**INSTRUCTIONS FOR THE TASK**. Write out the material below again, line for line, without any images.

**INPUT DATA**.
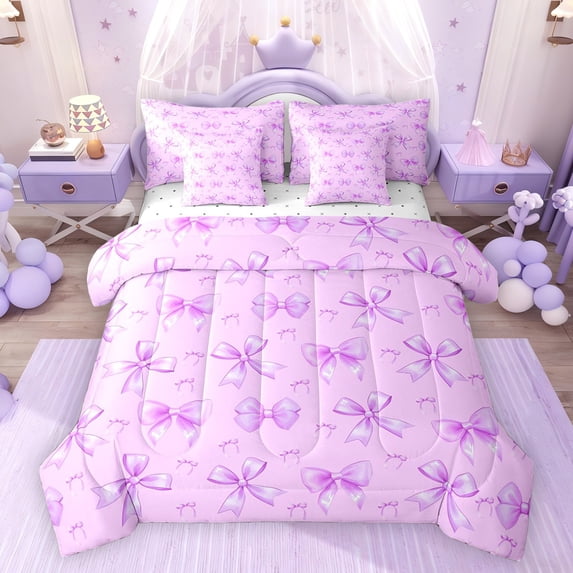 Feelyou Dreamy Purple Bowknot Bedding Comforter Set 7pcs, Boy Girl Queen Bedding Sets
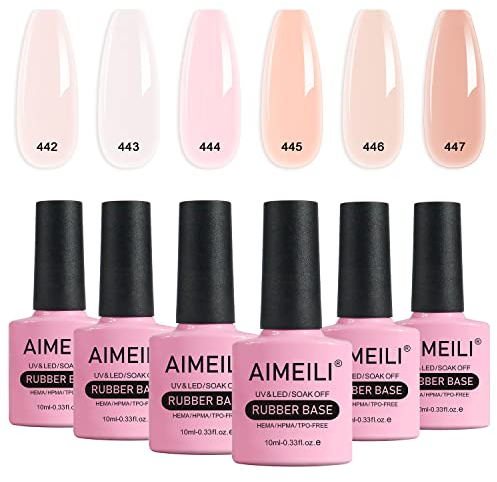 AIMEILI Rubber Base Gel Set 6pcs Rubber Base Coat Soak Off UV LED Nägel Unterlack Gel Nagellack Maniküre Kit 6 * 10ml - 46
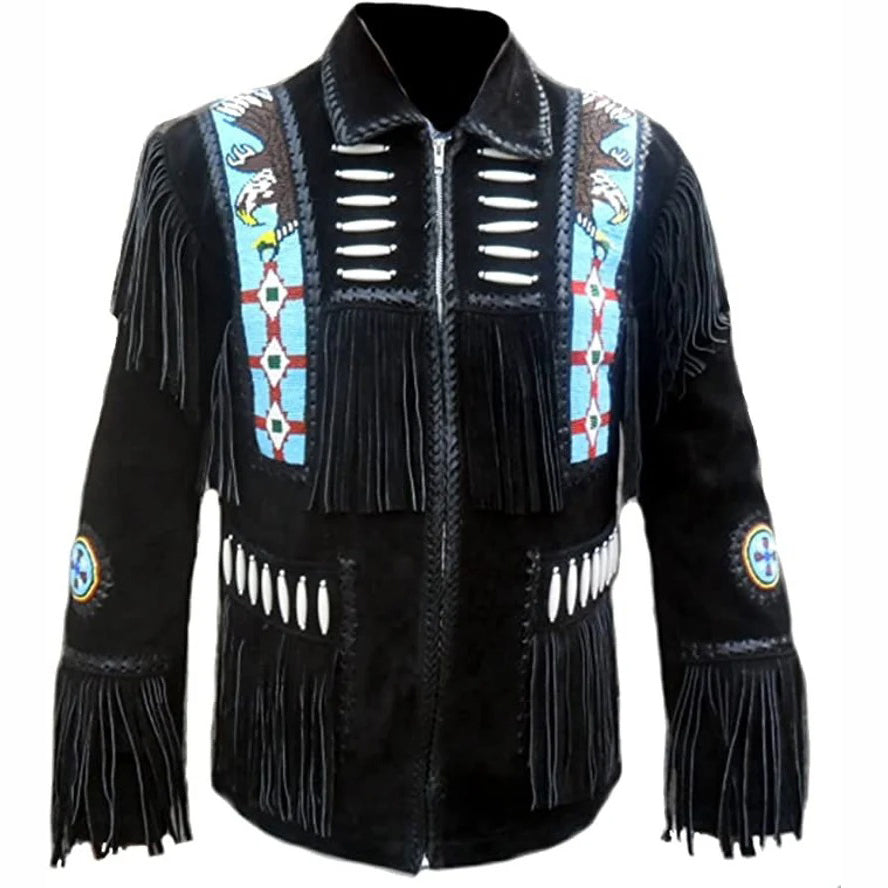 Men's Western Cowboy Leather Jacket - AMSEL LEATHERS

**REPLY TO THE EXERCISE**.
 Feelyou Dreamy Purple Bowknot Bedding Comforter Set 7pcs, Boy Girl Queen Bedding Sets
 AIMEILI Rubber Base Gel Set 6pcs Rubber Base Coat Soak Off UV LED Nägel Unterlack Gel Nagellack Maniküre Kit 6 * 10ml - 46
 Men's Western Cowboy Leather Jacket - AMSEL LEATHERS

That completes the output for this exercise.